NASHVILLE, Tenn. – It was the perfect recipe for disaster.
Coming off a grueling 17-day road trip without a single off-day to recuperate, the Nashville Predators were tasked with playing the defending Stanley Cup champion Chicago Blackhawks on home ice. While the game would be take place within the friendly confines of Bridgestone Arena, Barry Trotz’s club viewed the contest as an extension of its lengthy sojourn, as they had mere hours to rest at home before returning to action.
To make matters more difficult, the ‘Hawks had been playing some great hockey, winning seven of eight prior to their trip to the Music City. The Preds, on the other hand, had been out-scored 17-2 in their past four games and sat at the bottom of the Central Division, which Chicago happens to lead.
“The odds were against us,” Patric Hornqvist said. “No question.”
In the end, the final score of 7-2 wasn’t all that surprising; however, the fact that the Preds were the team to rack up seven goals was quite unexpected.
Craig Smith finished with three points (1 G, 2A) Marek Mazanec stopped 39 of 41 shots on goal and Nashville got back on track with a tremendous upset over its heated rival.
And in poetic fashion, it was the oft-criticized Viktor Stalberg, a former ‘Hawk, who put the game out of reach, tipping a Gabriel Bourque pass over Crawford’s left shoulder to give the Preds a 5-2 lead with just 13:31 left in regulation.

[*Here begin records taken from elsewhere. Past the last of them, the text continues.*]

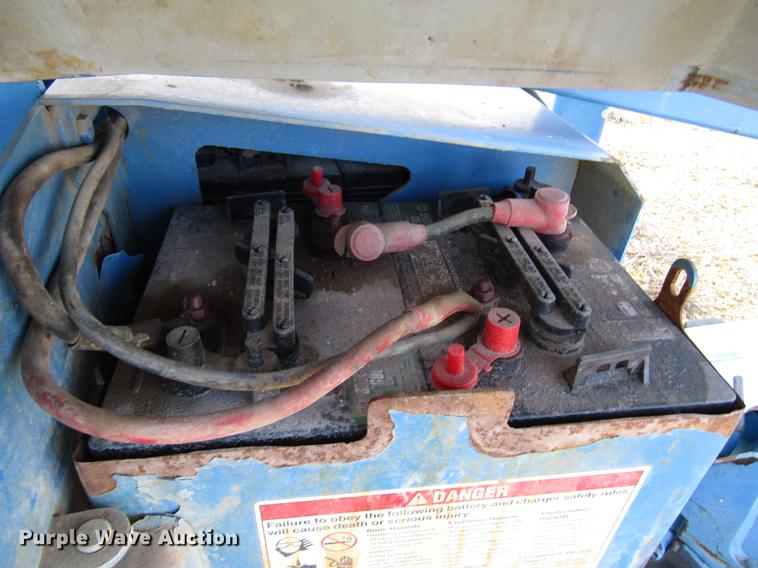 image for item FJ9597 1999 Genie TMZ34 boom lift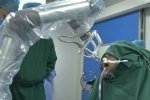 У Китаї робот-стоматолог поставив пацієнту два зубні імпланти: як це було – відео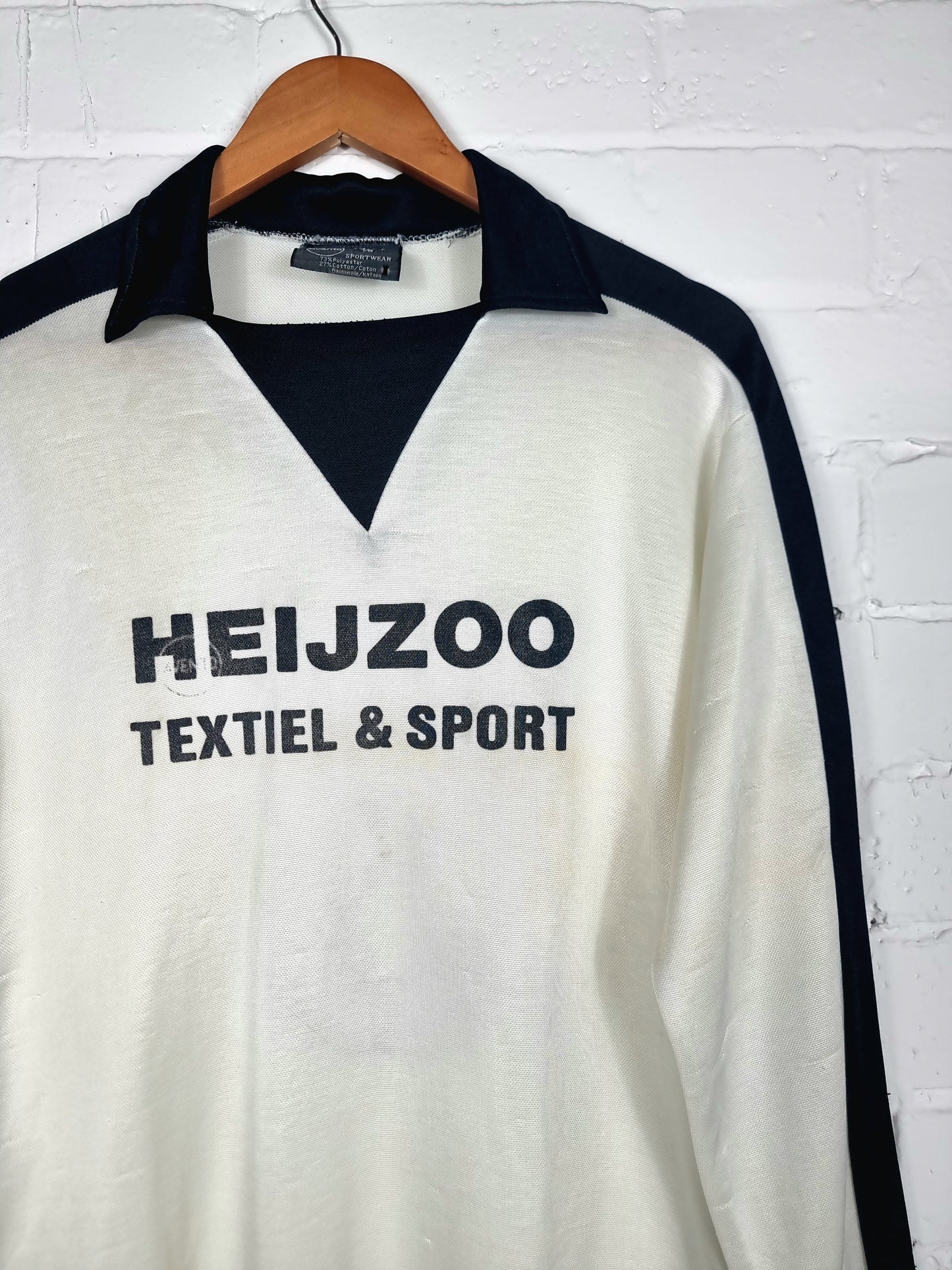 Avento 70s Dutch Amatuer Long Sleeve Football Shirt Large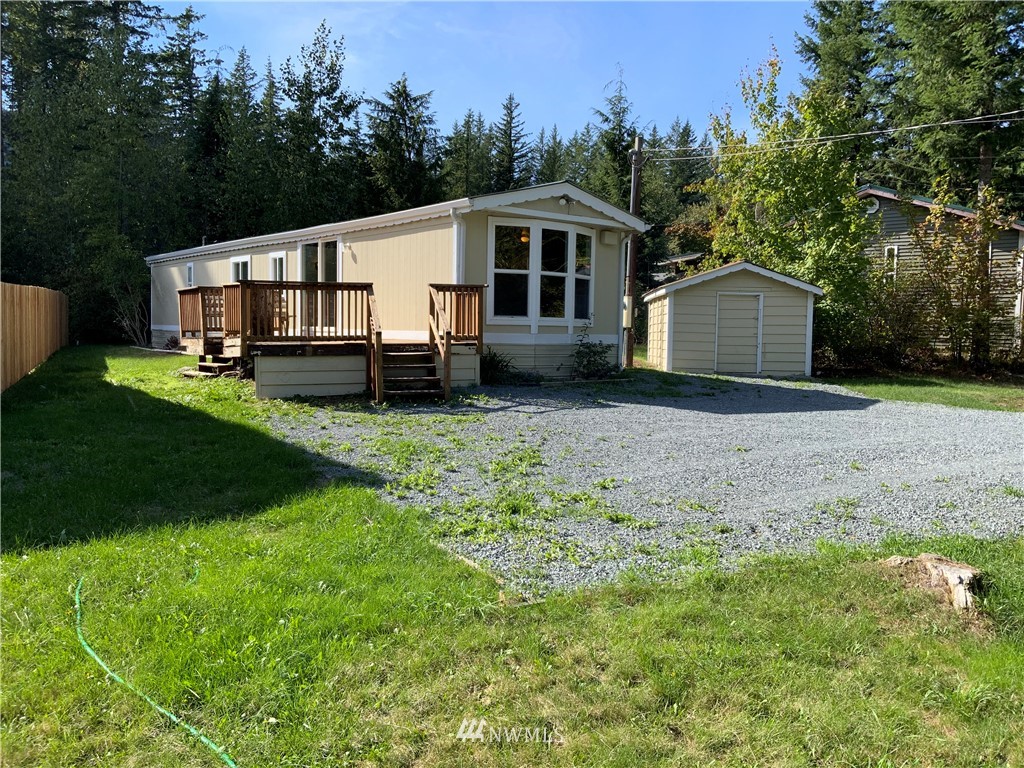 6237 Shamrock Road Maple Falls, WA 98266 - Photo 1 of 33 Gallery Image 1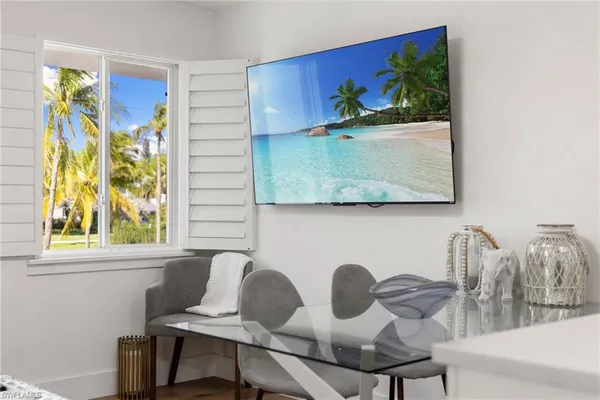 $14,000 | 175 5th Avenue South, Unit 204, Naples, FL 34102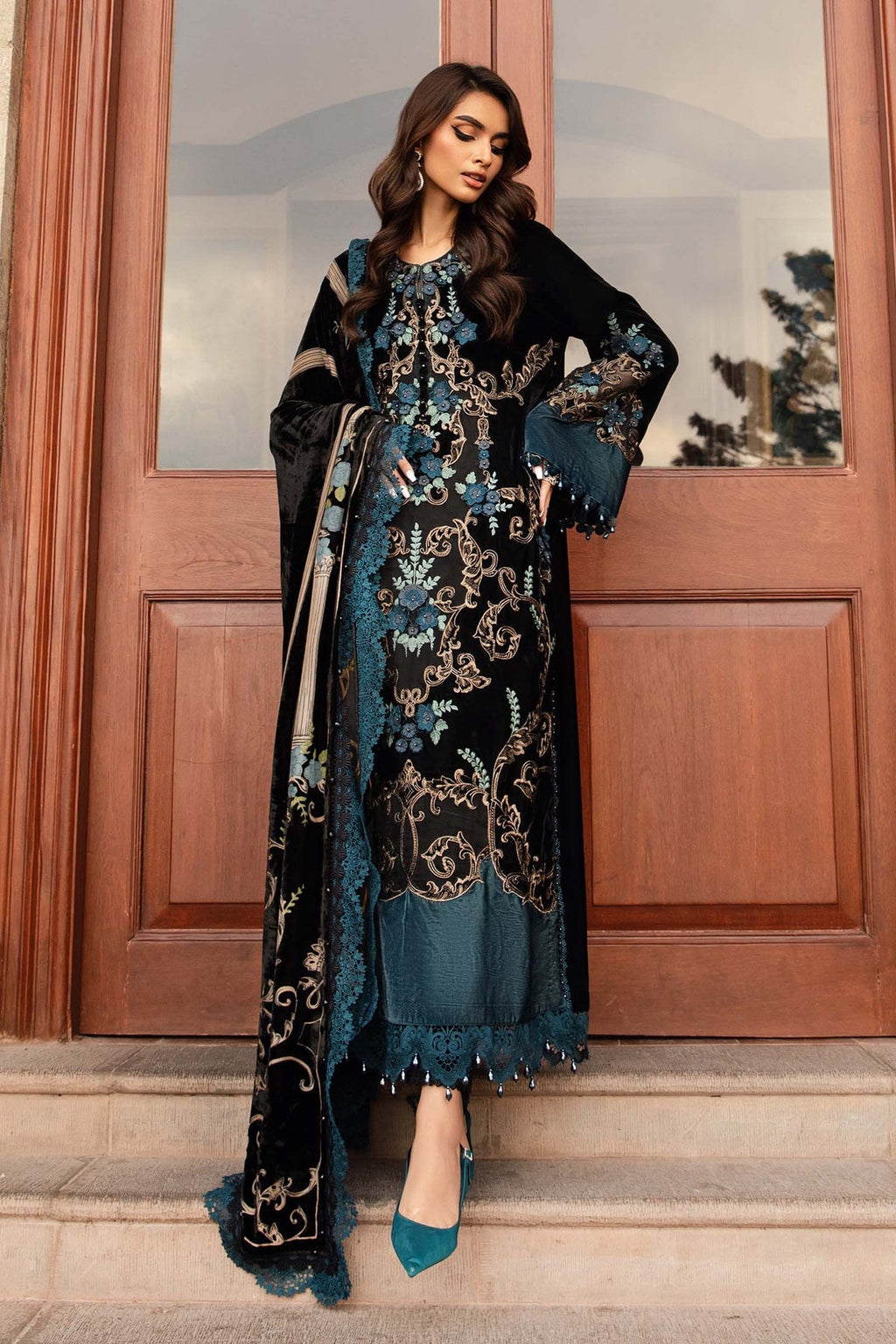 Maria b velvet luxe (DL-1208) Black and Teal Pakistani indian wedding bridal dresses mehndi nikkah eid formal party outfits usa uk, canada, australia, gemany, pakistani wedding dress, pakistani bridal dresses, pakistani wedding guest dresses, nikkah dresses, pakistani wedding outfits, pakistani wedding wear, pakistani wedding guest outfits, wedding wear pakistani dresses, asian pakistani wedding dresses, bridal pakistani gowns, bridal wear dresses pakistani, pak bridal dress, paki wedding dress, pakistani b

“Stalberg was huge. That put them on their heels, and then we got another one, and then obviously another one, and that was game set match,” said Trotz.

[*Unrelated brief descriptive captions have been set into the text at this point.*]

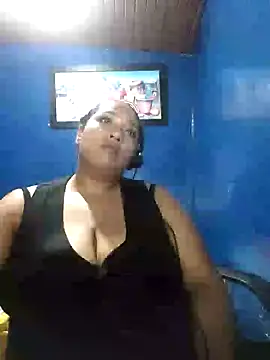 love evelin online show from February 2025 04:35:01 PM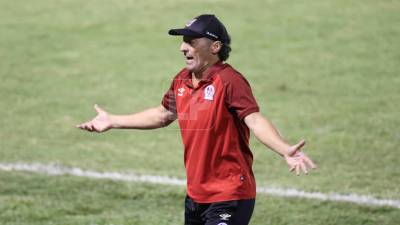 Pedro Troglio lamentando una ocasión fallada por sus dirigidos en el clásico ante Motagua.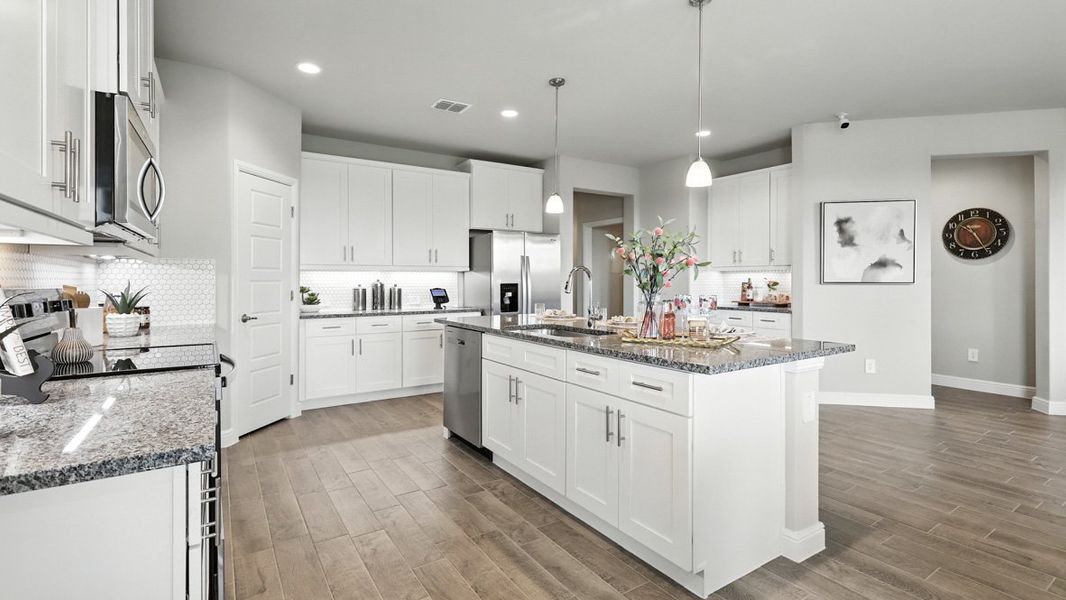 Representative furnished interior of a home built from the Blanco by D.R. Horton in Lakeview Pointe, Grand Prairie (Image 14).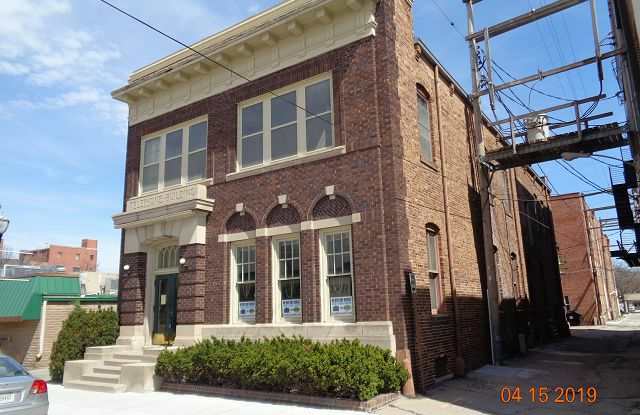 630 N Park Ave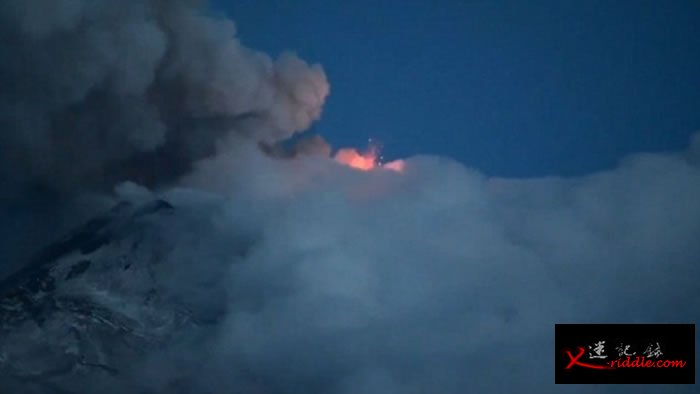 火山爆发一刻，大量火山灰喷发。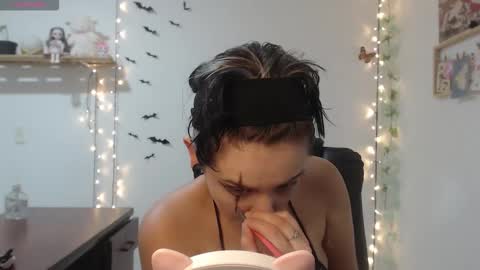 Snapshot of neurotic_witch chatting on October 19, 2025, 3:07 am Mar online show from October 19, 2025, 3:07 am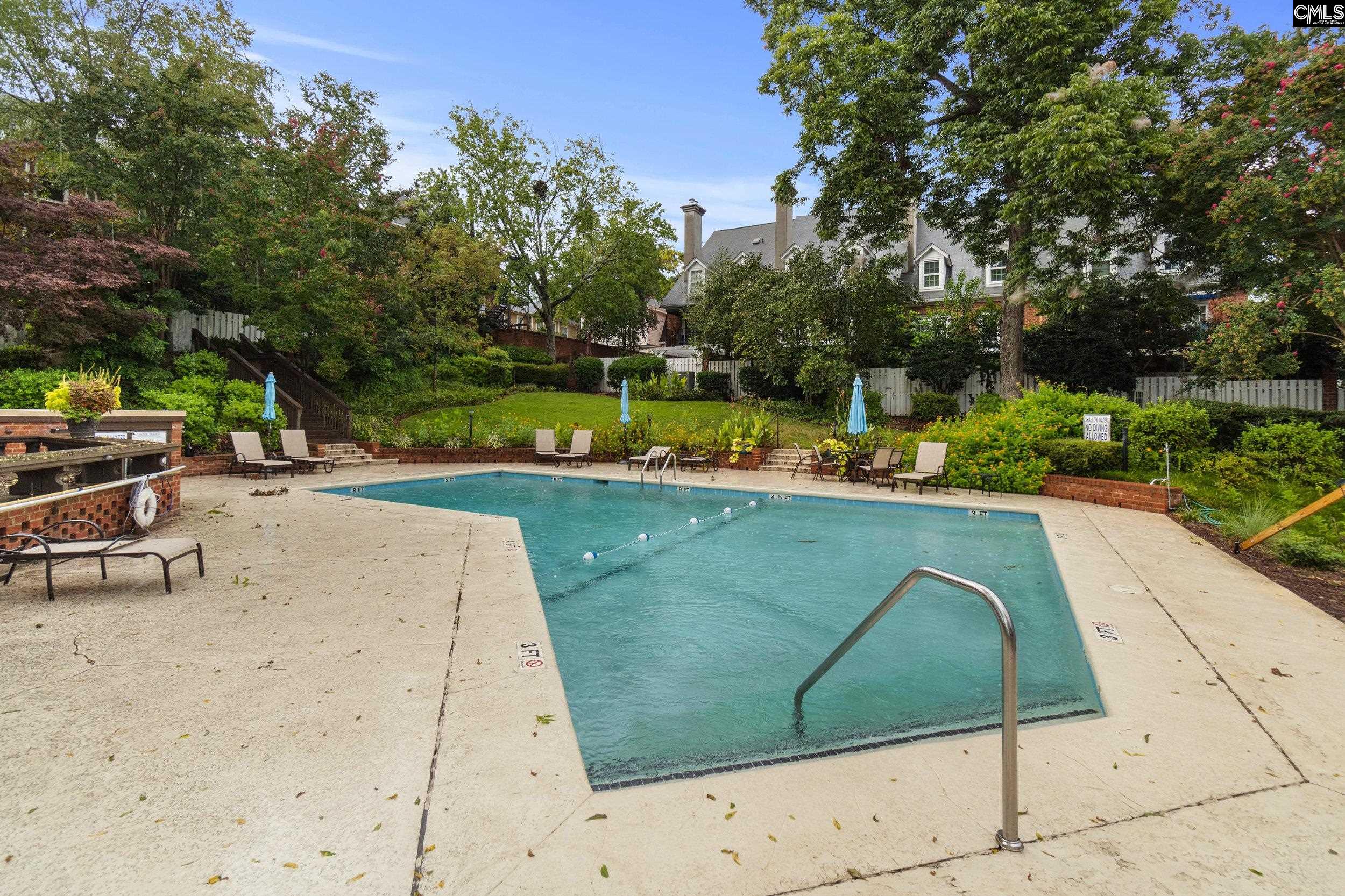 Columbia, South Carolina 29201, United States, 3 Bedrooms Bedrooms, ,4 BathroomsBathrooms,Residential,Pending,42909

“But the fifth goal, that sort of put the game in check.”
“Obviously, it was exciting for me. I was [with Chicago] for a few years, and I have some good friends on that team. It feels good to beat them in our first game,” Stalberg said with a smile. “It was a great win, but the most important thing is that we got back to playing great hockey and got contribution from every single player out there.
The Preds have made a bit of a habit of playing to their opponent’s level, which is helpful when taking on powerhouses like Colorado and Chicago, but crippling when up against the likes of New Jersey and Winnipeg. This is an issue the team will have to address in the long run, but for now it’s encouraging to know they can knock out heavyweights, and do so under less-than-ideal conditions.
“I think we’ve been down here the last couple games and it’s easy to get too down on yourself,” Stalberg said. “But we try to keep the mood light here int he locker room and just come ready to play. I thought we did a good job right off the getgo, and really took it to them.”
Perhaps the most surprising ingredient to Saturday’s triumph was the performance of rookie netminder Marek Mazanec, who earned the elusive first win of his NHL career. While he struggled in his first three games in a Nashville sweater, the 22-year-old Czech stood strong between the pipes and thwarted a lethal Chicago offense.
“I honestly didn’t really think about it,” he said of getting his first NHL win. “It’s just another game, and I tried to be helpful for my team … I’m definitely more comfortable facing more shots during a game. I don’t want to wait for a shot for five minutes. It was a good game for me because they shot from every position.”
The Preds will take some time to recuperate before hitting the road again on Tuesday, and will return home again next Saturday to take on the New York Rangers. Nashville’s schedule doesn’t get a whole lot easier in the coming weeks, but its victory over Chicago may be a necessary boost to the team’s morale.
“[This win] is obviously going to be big for our confidence,” said Stalberg. “Great win, hopefully we can keep rolling a bit here.”